Ha! Fair enough, though I’ve seen Potemkin and Strike, and both are on my all time 100 favourite films list in my profile. Thanks for the other suggestions, I’m always looking to add to my list of filmmakers to discover.
What the fuck is pure cinema?
At the end of the day, “pure cinema” is only worth thinking about in the context of what you can still do with the medium. I personally like the idea of avoiding mood music and dramatic performances and focusing on the strengths of guys like Chris Marker and Robert Bresson and even Godard in his later stuff.
Not to copy them, but to take their lead of what film as a medium can do.
One of my favorite parts of that film is when the narrator (saying Chris Marker’s words) is explaining a movie that is never going to be made. When she says “I even have a title…the same name of those Moussorgsky song cycles: Sunless” I just get a huge lump in my throat. Something about the human spirit slyly bursts through in this moment: you are watching a film that was never meant to be born, yet by some miracle, it exists. It’s such a small implication but it really hits me so unbelievably hard that I don’t think I can fully translate how deeply I can relate to what is (not) being said here.
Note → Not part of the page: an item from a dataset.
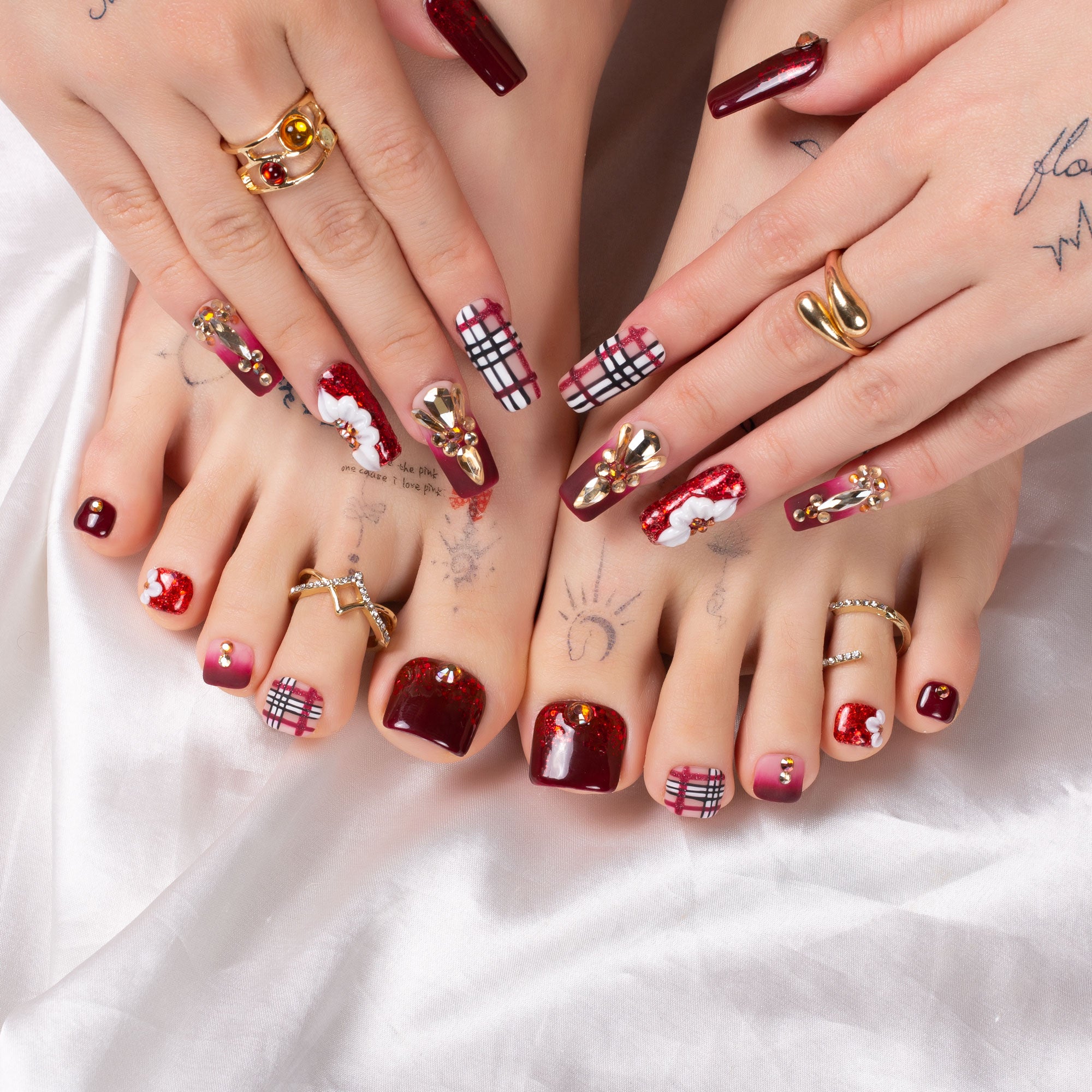 Crimson Charm Combo Set Handmade Nails H345+T345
The soundscape, the words being said, the editing and the image on the screen are all so insanely evocative. It reminds me of the final segment of Kiarostami’s “Close-Up”. The sound cutting out makes the entire scene so sublime and so emotional and I really can’t tell you why…the struggle with filmmaking and technology, that feeling that the filmmakers want you to experience this dialogue, but the damned microphone is cutting out. But they film it anyway. There again is something so triumphant in that scene, and staged or not, it’s still a genius scene.
Those are the things I want to bring out in my own work, unconsciously. And I think moving away from standard dramaturgy and actors’ performances will help bring these things out in anyone’s work.